It should also be stated that the constant of nature approach that has 
been used succsessfully in the redefinition of the other SI base units 
does not work for frequency, because we currently lack the sufficient 
clarity in theoretical models that come even close to match the 
precision we can realize in our labs. Therefore that option was dropped.

So, when Fritz Riele of PTB presented the concept of redefinitions and 
asked openly for any input on how to approach this, then I presented 
this view in November 2015. He was friendly enough to also point out 
that his article do provide a reference to my email to him.

Having an ensamble definition is however not in most physics people 
comfort zone. 7 years later, it has however not been written of, because 
it does have interesting merits going forward.

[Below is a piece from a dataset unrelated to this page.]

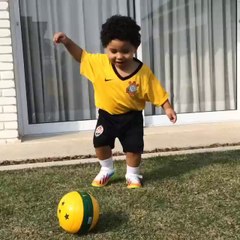 Filho de Dentinho mostra habilidade com bola no pé
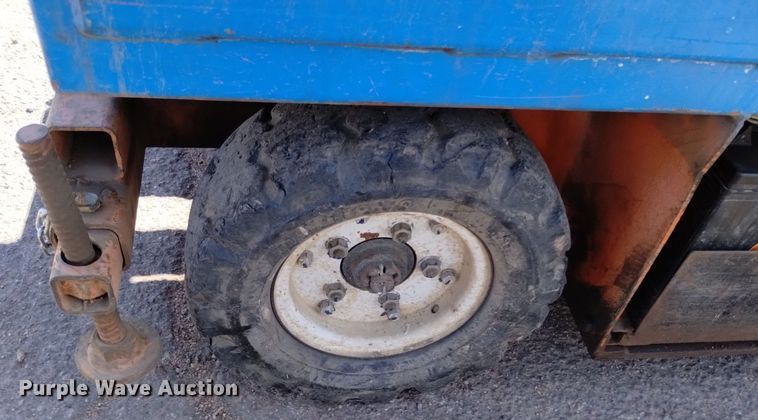 image for item DQ6150 1985 HunterLift 2152 scissor lift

While my own contribution is naturally something I enjoy pointing out, I 
think it is really a very interesting field and that we do need many 
solutions that we can rule out in order to learn deeper what the many 
aspects of concerns is. As I have been tracking the issue since, much of 
the analysis still holds. I do not see any of the spieces having a 
significant benefit in performance or realizations to others. As 
development continues, the research groups learn of each other and keep 
reiterate their realizations to squeeze more performance, easier to 
maintain, better availability (PTB reported an optical clock that was 
over a two-week time had 99.5% availability of observing the optical 
transition, and they did not see any major obsticle maintaining that for 
periods of years).

So, while this post turns out in the long form, I think it is a very 
interesting little corner of problems, and it covers more than just pure 
physics or skill of making physical devices, is a whole range of issues 
that needs to be considered as we move forward. We need to learn from 
history and look forward.

BTW, this year it is 50 years since the speed of light was last measured 
at NIST. At the time, it was a major achievement. I have suggested that 
the topic should be revisited, so we could with our advancement in 
technology measure it again, and to see how much we got it wrong back 
then. I reminded NIST and it was brought up with relevant BIPM and UFFC 
parties, but I have not seen any outcome. With some difficultie we could 
setup a Krypton-86 source and measure it with todays technology, and 
with difficultie means also relating it to the conditions as stated at 
the time.

So, no, I was not down there to vote. I have nothing to officially say. 
Hopefully I did provide some inspiration, but I doubt anyone will trace 
it back to me and give me a beer for it. It was a fun mental exercise 
thought, and I want to share that aspect with you.

Cheers,
Magnus